Fra Peter caught at his trailing sleeve. ‘Niccolò!’ he said in rapid Italian, ‘You shame us! We can raise the funds for saddles.’
Niccolò put a hand to Fra Peter’s cheek, an intensely familiar gesture, even from a Florentine. ‘By God, if I buy you a saddle for every time you saved my worthless life, I would still be the richest man in Bologna when I was done, and you would be buried in Cordoba leather. Eh? So let us hear no more piss.’ He looked at me. ‘Tell me, English Knight. What are the seven virtues of Chivalry?’
I nodded. ‘Preux!’ I said. ‘Loyalty to my lord, Faith in Christ Jesus, Prowess on the field of battle, Love of a Lady, Courage to face the foe, Generosity to all, Mercy to my foes and to the weak.’
‘Well said,’ Ser Niccolò said. ‘So when I practice generosity, is it enough if I give a few pennies to the poor? Listen, if a poor knight gives half his cloak to the poor, he gives more than I live when I buy you saddles.’
‘You argue like a Dominican,’ Fra Peter said.
Niccolò Acciaioli fluttered his eyelashes. ‘But of course! I was to have been a Dominican!’ He winked at me. ‘Only the chastity was lacking.’
So the richest man in Italy took us out into a Bologna evening.
He was joined at the gates of the palace by a retinue of men-at-arms, a dozen, all well dressed. He had a squire dressed in his heraldic colours and his entire retinue wore his badge, so that they made a glittering parade.
Men and women cheered his name.
Shops opened that had closed. In the street of leather workers, all the saddlers knew we were coming before we walked to the corner, and every master was in the door of his shop, bowing to the great man.
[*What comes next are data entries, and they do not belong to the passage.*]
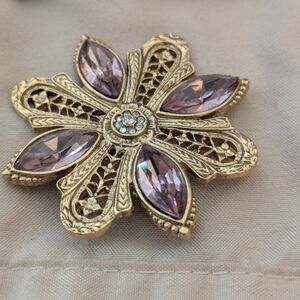 Gold-Tone Floral Brooch with Light Purple Crystals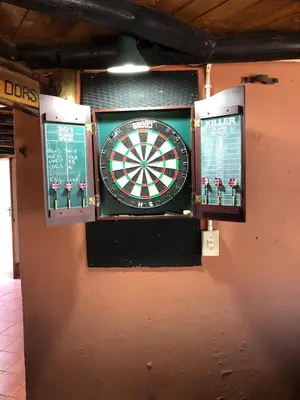 a dart board on the wall of a building at Doringdraad Lodge Nala and Zazu in Brendan Village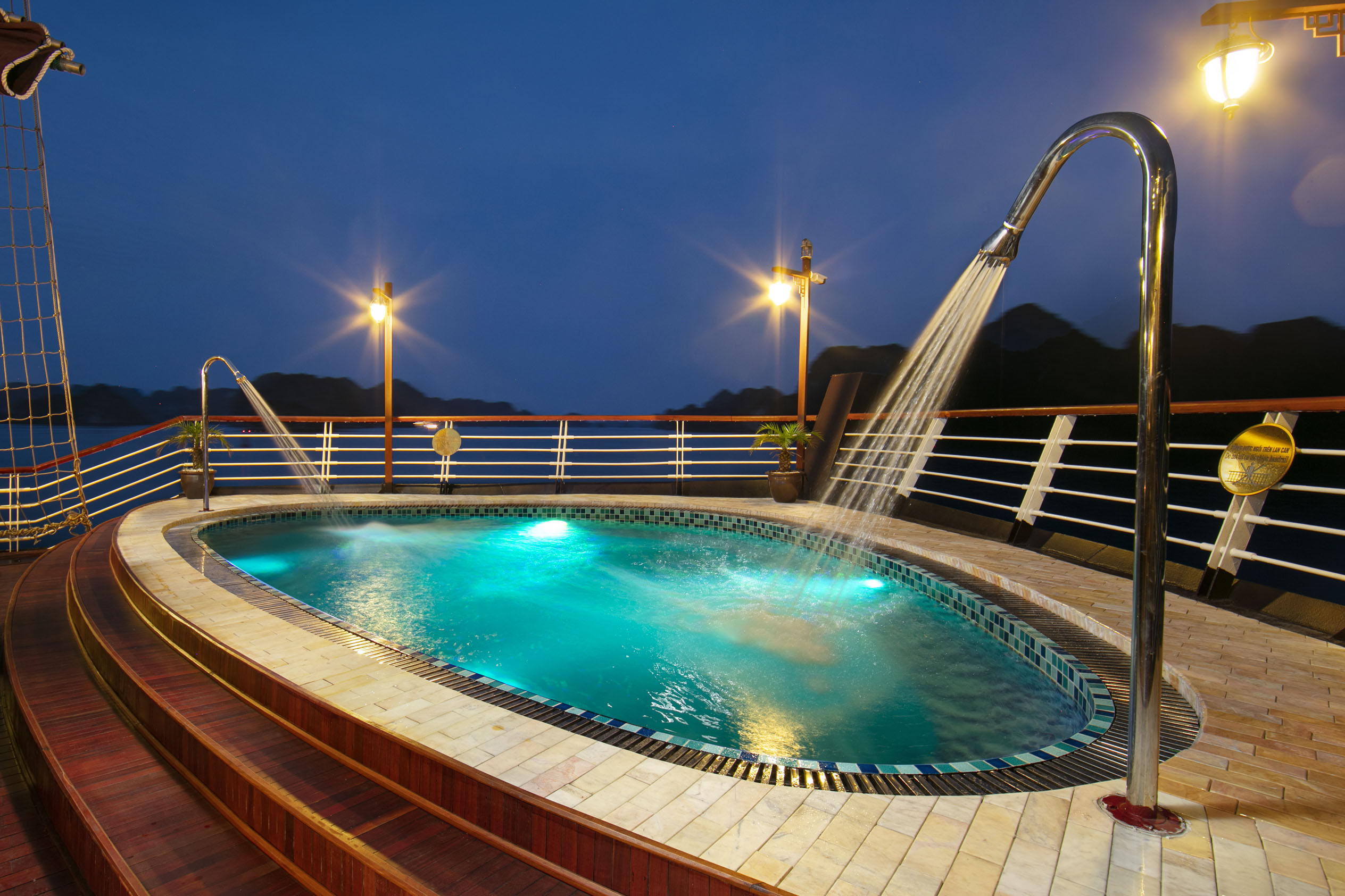 Outdoor hot tub on a cruise ship deck with scenic mountain backdrop at dusk.
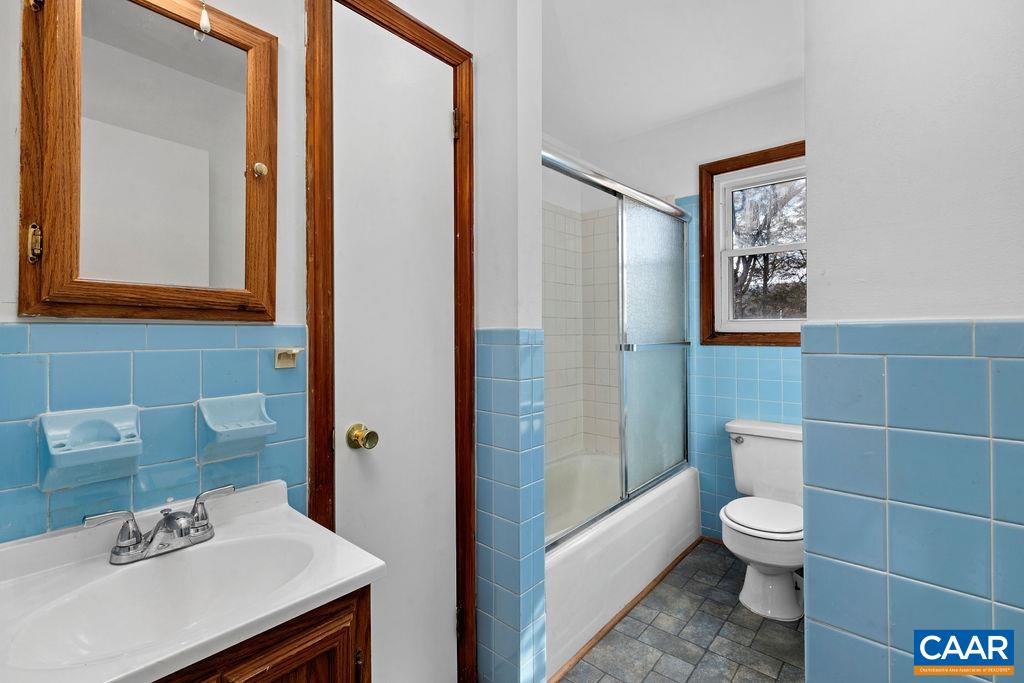 492 Avon Road Afton, VA 22920 - Photo 29 of 60 a bathroom with a toilet a sink and a mirror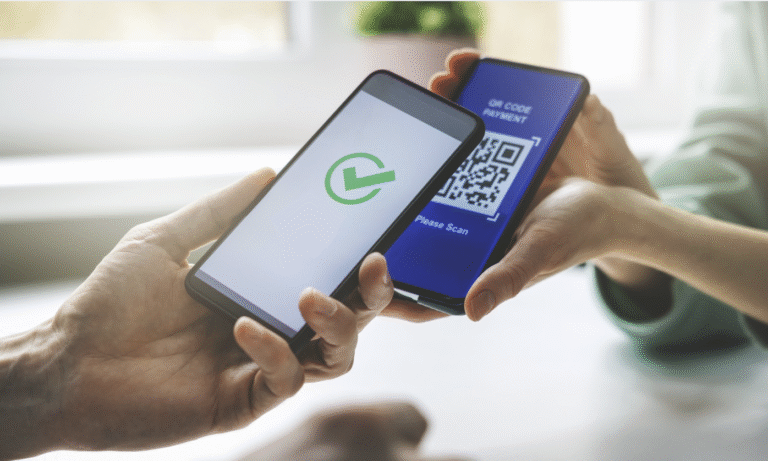 Event staff scanning attendee QR codes with a mobile device for fast, seamless event check-in in Salesforce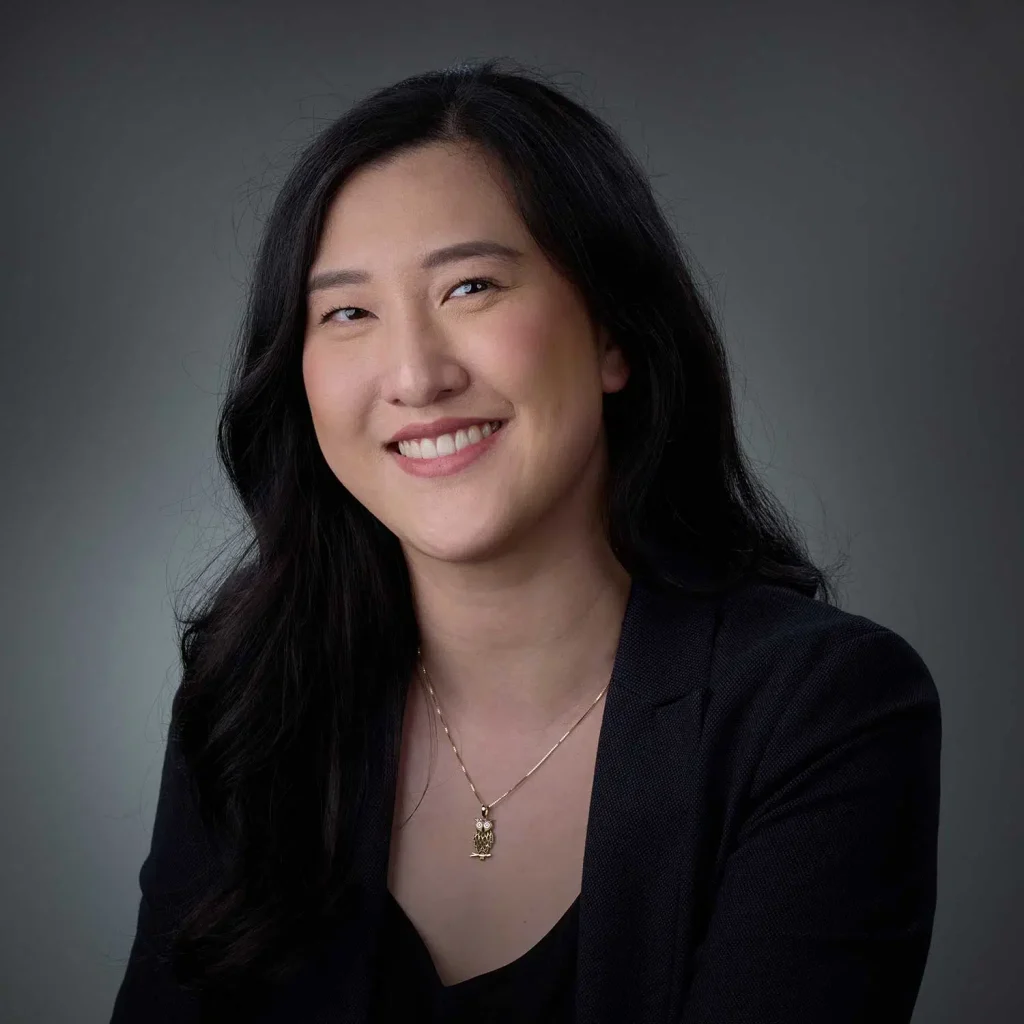 Portrait of a smiling woman with long black hair wearing a black blazer and a gold owl pendant necklace against a grey background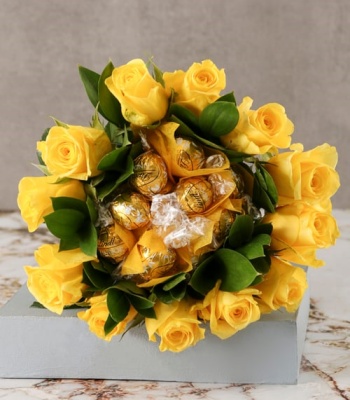 Yellow Roses And Chocolate Arrangement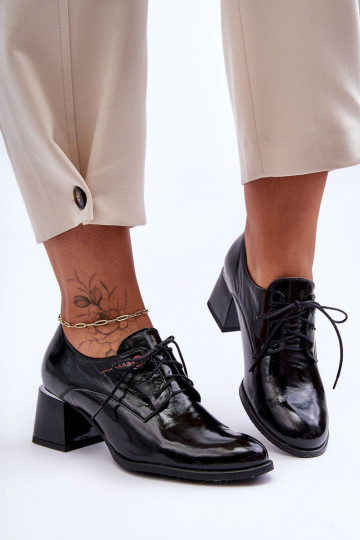 Botines lacados con tacón...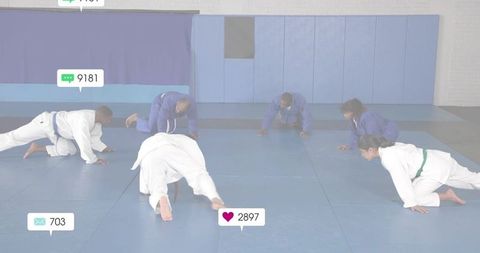 Martial artists crawling across dojo mat during group conditioning training wearing gis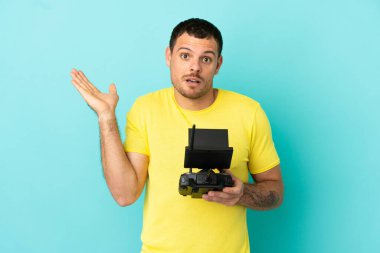 İzole edilmiş mavi arkaplan üzerinde uzaktan kumandalı Brezilyalı bir adam el kaldırırken şüphe duyuyor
Sister Marie received a fine mule saddle with silver buckles and a matching bag which buckled behind the back of the saddle, all in fine red Spanish leather and Fra Peter spent the better part of the hour before compline protesting various magnificent war saddles, each finer than the last, ivory plaques, gilding, heraldic decoration, matched reins and bridles and straps. In the end, though, while Fra Peter denied that he would ever use a brilliant saddle in Hospitaller scarlet, I nodded to my new friend, Ser Niccolò, and while Fra Peter protested, I was arranging to bring the knight’s charger the next morning for a fitting, and promising to bring Sister Marie’s mule as well.
It was great fun. Ser Niccolò’s men-at-arms were as pleasant a set of men as the great man himself, and they were free with a jibe or a compliment. As they were all Florentines, I expected that they would hold some rancour for my attack on their city, but they seemed to have the opposite views, holding all their ire for Duke Rudolph, who they viewed as a poor soldier.
One young knight, Ser Nerio, had actually witnessed my feat of arms, and his flattery was effusive, and, to me, very sweet.
‘Were you fighting, messire?’ I asked.
He laughed. ‘I was on the walls with the ladies,’ he said. ‘My harness was in Naples with my lord, and I was home for a wedding and a funeral.’ He shrugged.
Another young knight, a blonde who had to be five years my younger, leaned over. ‘Don’t believe him! He’s so rich he has ten armours, all different, spread across Italy like his women, and he was watching from the walls because he’s a great coward.’
I thought there must be a fine pun on amours and armours but I couldn’t get it right.
Ser Nerio didn’t take offence. Rather, he laughed. ‘I rode well that night and drank deep, Antonio. While you—’
Ser Antonio turned his blonde curls to me. ‘I exchanged blows with two of your valiant gentleman, although I find now that one of them may indeed have been an Amazon.’